■ **Exercise aim**: What is needed is an exact copy of the lines from the one containing "七彩鍼灸院/【鍼灸/美容鍼/恵比寿/代官山】" through the last line of the records below, with no pictures.

■ **Source information**:
>>

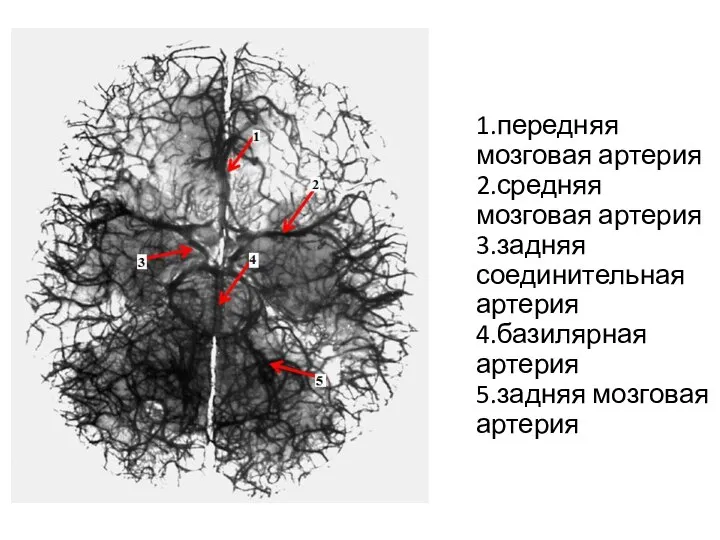 1.передняя мозговая артерия 2.средняя мозговая артерия 3.задняя соединительная артерия 4.базилярная артерия 5.задняя мозговая артерия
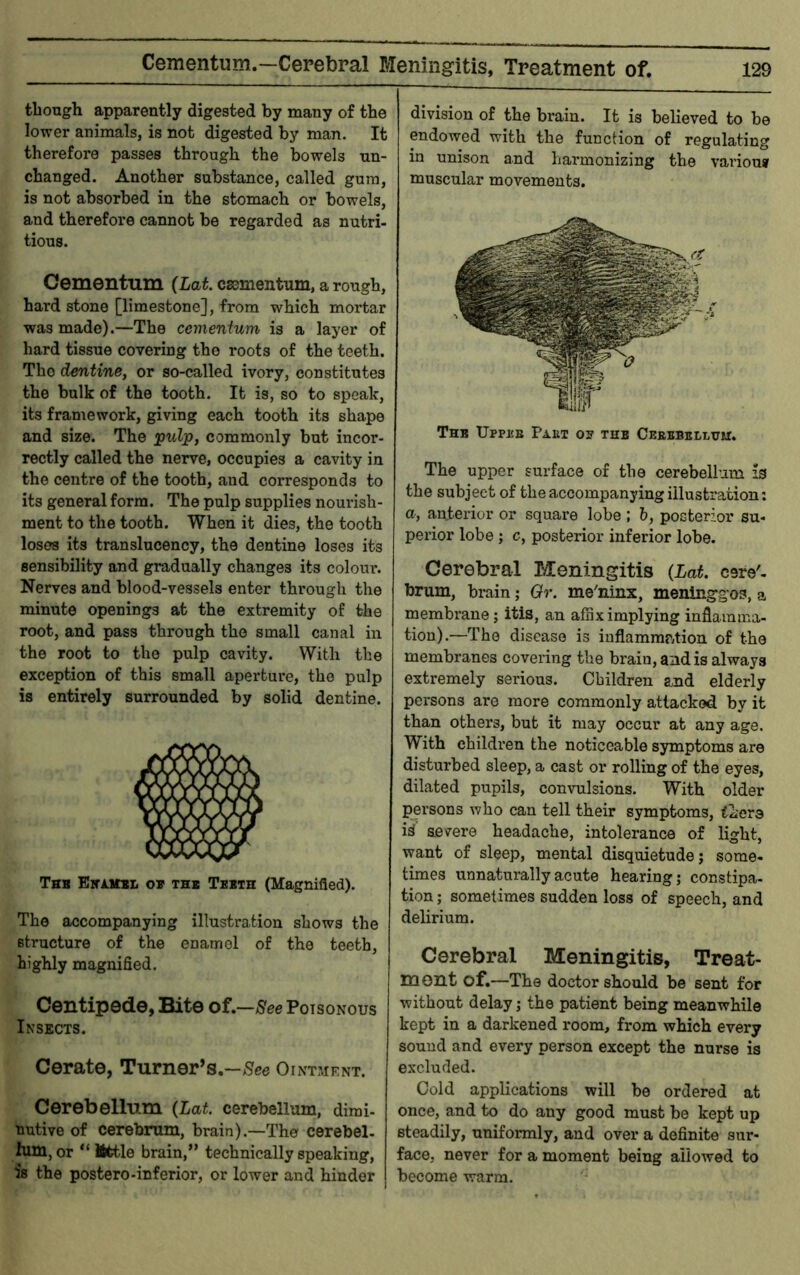 Cementum.—Cerebral Meningitis, Treatment of. though apparently digested by many of the lower animals, is not digested by man. It therefore passes through the bowels un- changed. Another substance, called gum, is not absorbed in the stomach or bowels, and therefore cannot be regarded as nutri- tious. Cementum {Lat. csementnm, a rough, hard stone [limestone], from which mortar was made).—The cementum is a layer of hard tissue covering the roots of the teeth. The dentine, or so-called ivory, constitutes the bulk of the tooth. It is, so to speak, its framework, giving each tooth its shape and size. The ^pulip, commonly but incor- rectly called the nerve, occupies a cavity in the centre of the tooth, and corresponds to its general form. The pulp supplies nourish- ment to the tooth. When it dies, the tooth loses its translucency, the dentine loses its sensibility and gradually changes its colour. Nerves and blood-vessels enter through the minute openings at the extremity of the root, and pass through the small canal in the root to the pulp cavity. With the exception of this small aperture, the pulp is entirely surrounded by solid dentine. Thb Eirimn ob thb Tbbth (Magnified). The accompanying illustration shows the structure of the enamel of the teeth, highly magnified. Centipede, Bite of,—See Poisonous Insects. Cerate, Turner’s.—Ointment. Cerebellum {Lat cerebellum, dimi- nutive of cerebrum, brain).—The cerebel- lum, or “Iftttle brain,” technically speaking, is the postero-inferior, or lower and hinder division of the brain. It is believed to be endowed with the function of regulating in unison and harmonizing the various muscular movements. Thb Uppbb Fakt ob the Ceeebellum. The upper surface of the cerebellum is the subject of the accompanying illustration; a, an.tei’ior or squai*e lobe ; h, posterior su- perior lobe ; c, posterior inferior lobe. Cerebral Meningitis {Lat. cere'- brum, brain; Or. me'ninx, meninggos, a membrane; itis, an affix implying inflamma- tion).—The disease is inflammation of the membranes covering the brain, and is always extremely serious. Children and elderly persons are more commonly attacked by it than others, but it may occur at any age. With childi’en the noticeable symptoms are disturbed sleep, a cast or rolling of the eyes, dilated pupils, convulsions. With older persons who can tell their symptoms, tlere i^ aei^ere headache, intolerance of light, want of sleep, mental disquietude; some- times unnaturally acute hearing; constipa- tion ; sometimes sudden loss of speech, and delirium. Cerebral Meningitis, Treat- ment of.—The doctor should be sent for without delay; the patient being meanwhile kept in a darkened room, from which every sound and every person except the nurse is excluded. Cold applications will be ordered at once, and to do any good must be kept up steadily, uniformly, and over a definite sur- face, never for a moment being allowed to become warm.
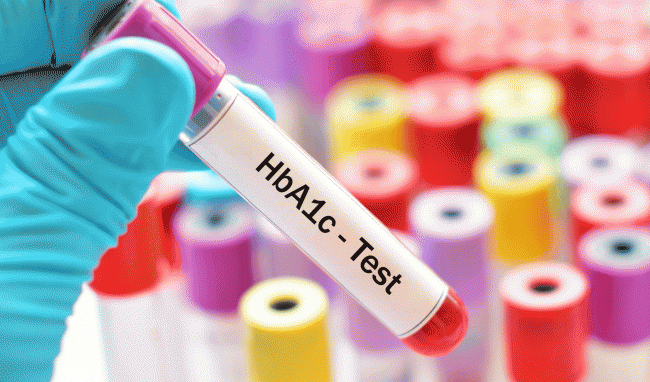 Chỉ số xét nghiệm HbA1c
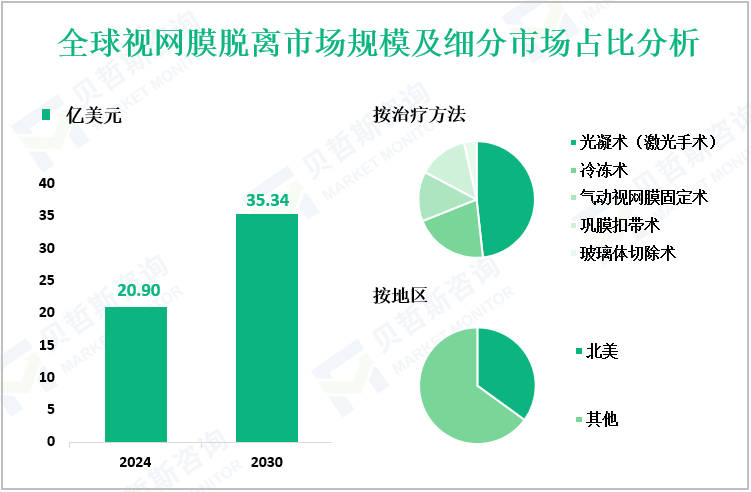 全球视网膜脱离市场规模及细分市场占比分析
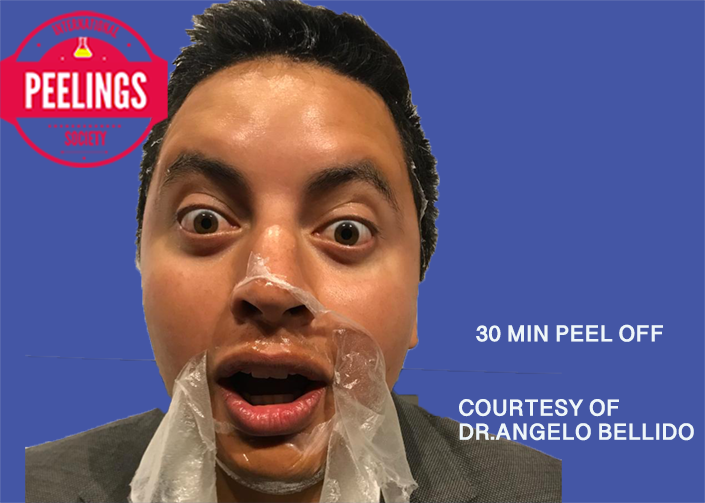 Peel Off : Peeling de 30 minutos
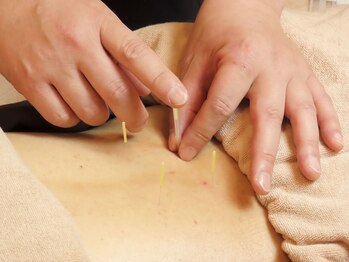 七彩鍼灸院/【鍼灸/美容鍼/恵比寿/代官山】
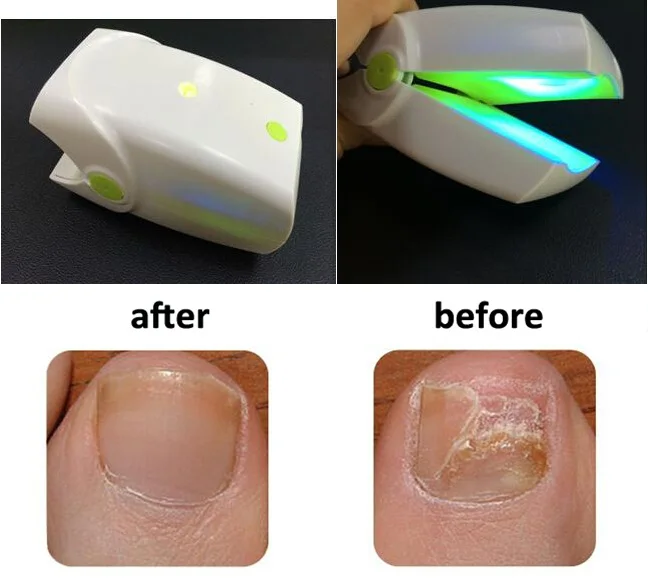 Диодный низкоуровневый лазер терапия LLLT грибок для ногтей Лечение онихомикоза устройство инструмент противогрибковые перезаряжаемые домашнего использования CE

<<

■ **Exercise output**:
 七彩鍼灸院/【鍼灸/美容鍼/恵比寿/代官山】
 Диодный низкоуровневый лазер терапия LLLT грибок для ногтей Лечение онихомикоза устройство инструмент противогрибковые перезаряжаемые домашнего использования CE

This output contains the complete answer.